What is so damn slow about that method? ...I often wondered. Turns out
if you run with line precision, rather than method, almost all the
time is consumed by the (native) call to defineClass, which is dumped
into the time for simpleFindClass I guess because that is the nearest
enclosing non-native method. Clearly the time here is taken by the VM,
not Java code. So I would suggest double-checking "hot spot" results
by using line resolution.

BTW also re. your last patch -

1. You keep a static char[] and yet do not synchronize against it when
loading from different loader instances. Probably it should be an
instance var (loading from *one* loader is always synchronous).

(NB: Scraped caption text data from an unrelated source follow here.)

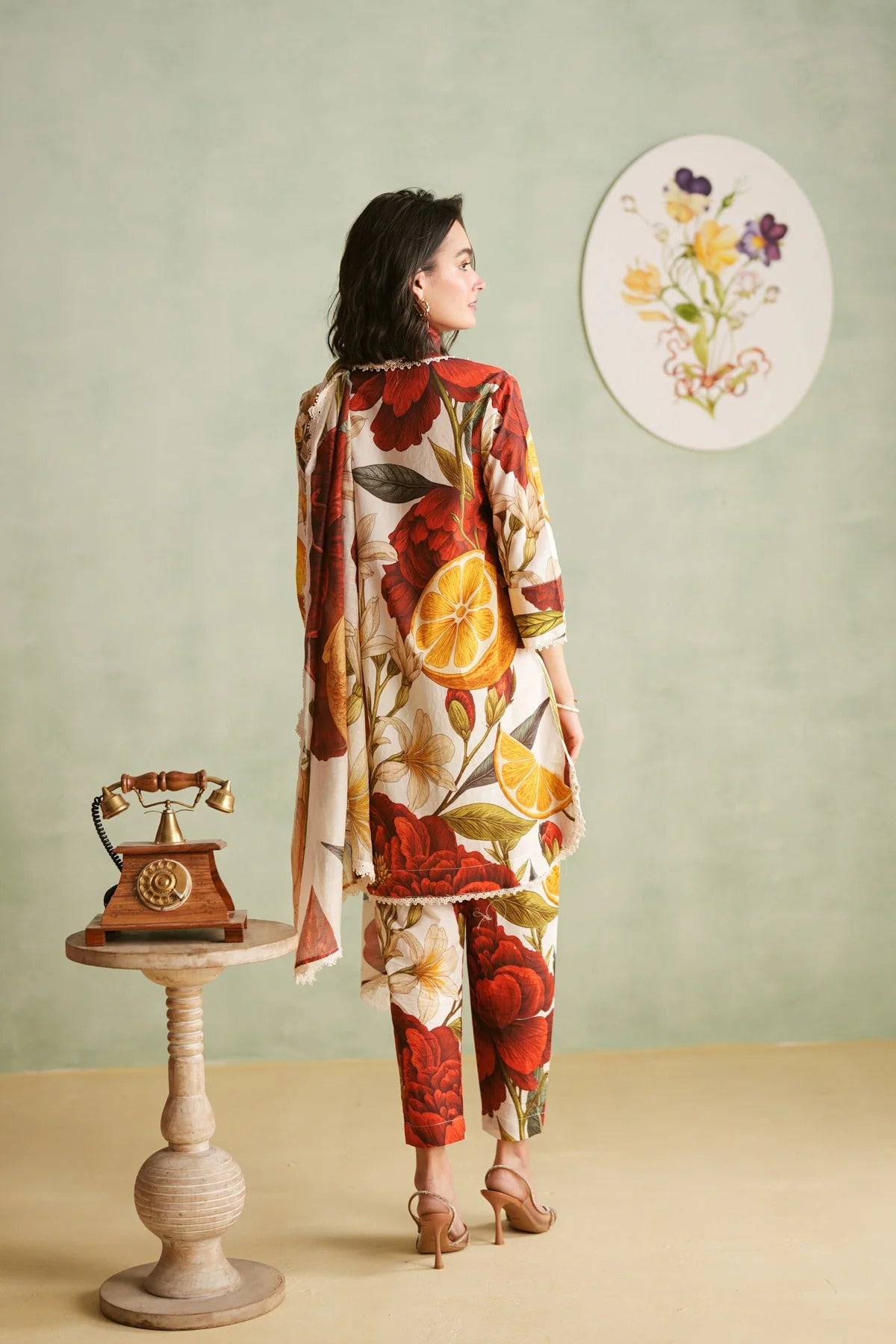 crimson bloom premium cotton suit set – ready to wear (3 pcs)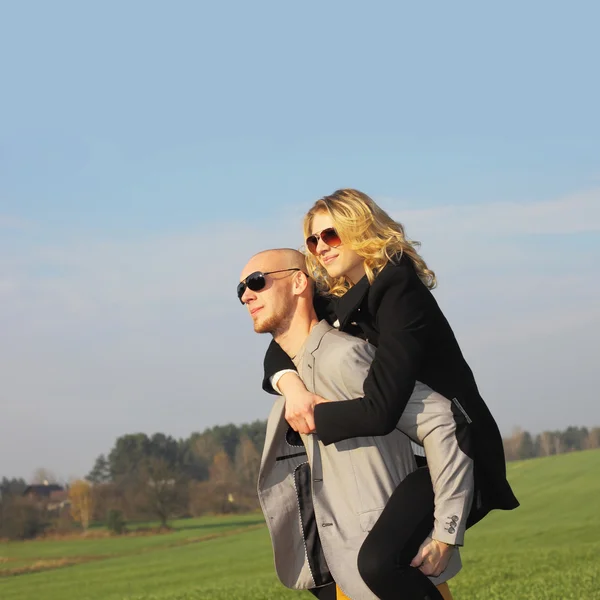 Emotional and crazy couple having fun — Stock Photo, Image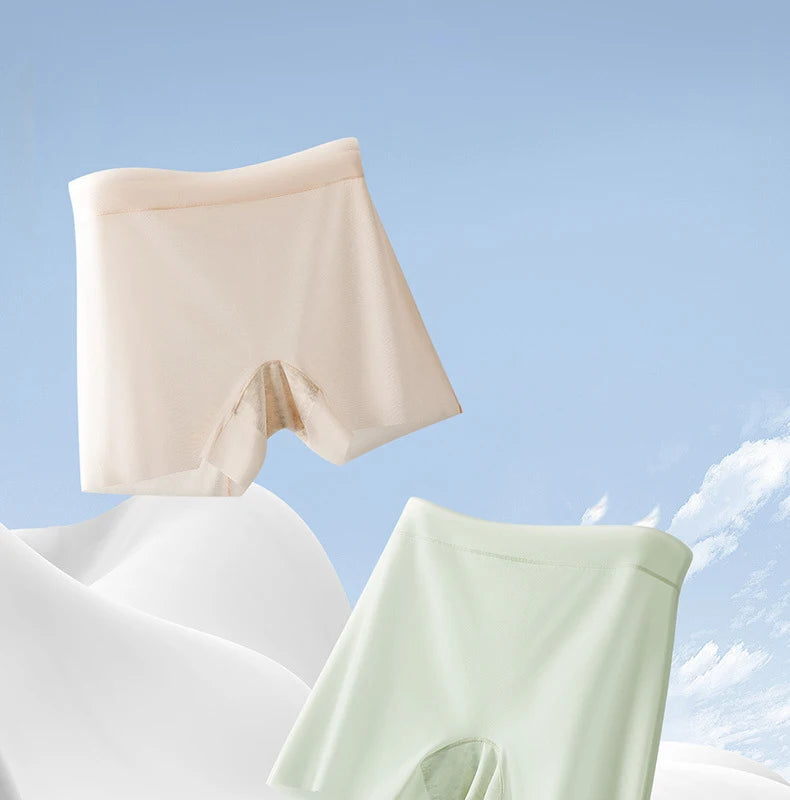1pcs Summer Ice Silk Ultra-thin Quick-drying Boxer Brief Women Seamless High waist Panties Plus Size Female Safety Underwear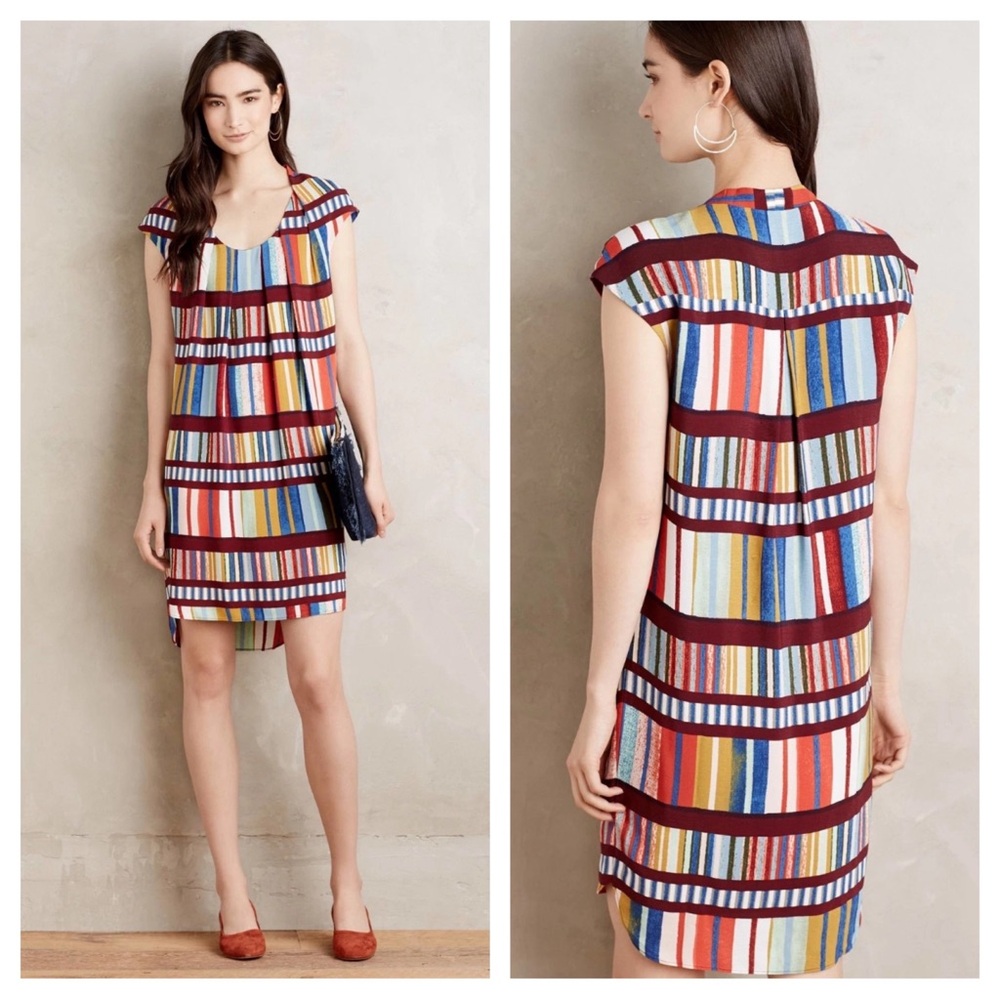 Maeve Anthropologie Au Revoir Stripe Shift Dress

2. Best to take all the ugly stuff and put it in well-named separate
methods nearer the bottom of the file, covered by precise Javadoc
explaining what the effect of the method call is - otherwise the main
control flow is impossible to see.

Comment 11 Jesse Glick 2003-01-08 18:28:49 UTC

See issue #29834. Re. your last attached patch:

- ProxyClassLoader.loadClass consumes < 0.25% of startup time in my
profiler runs. YMMV

- In my work on #29834, getPackage already gets the
package-with-slashes passed in from elsewhere; no need to recompute
it, probably obsoleting the second half of your patch (insofar as I
can understand it).

Comment 12 _ tboudreau 2003-01-14 12:11:53 UTC

Looks like Jesse's optimization obviates the need for this.

Comment 13 Jesse Glick 2003-01-14 15:14:27 UTC

Well, you can check the first part of your patch again - I did not
touch this code (creation of "foo/bar.class" from "foo.bar"). I
*suspect* that that overhead is marginal compared to other stuff but I
am not sure I ever measured it directly - it just never appeared as a
hotspot in the profiler that I can remember.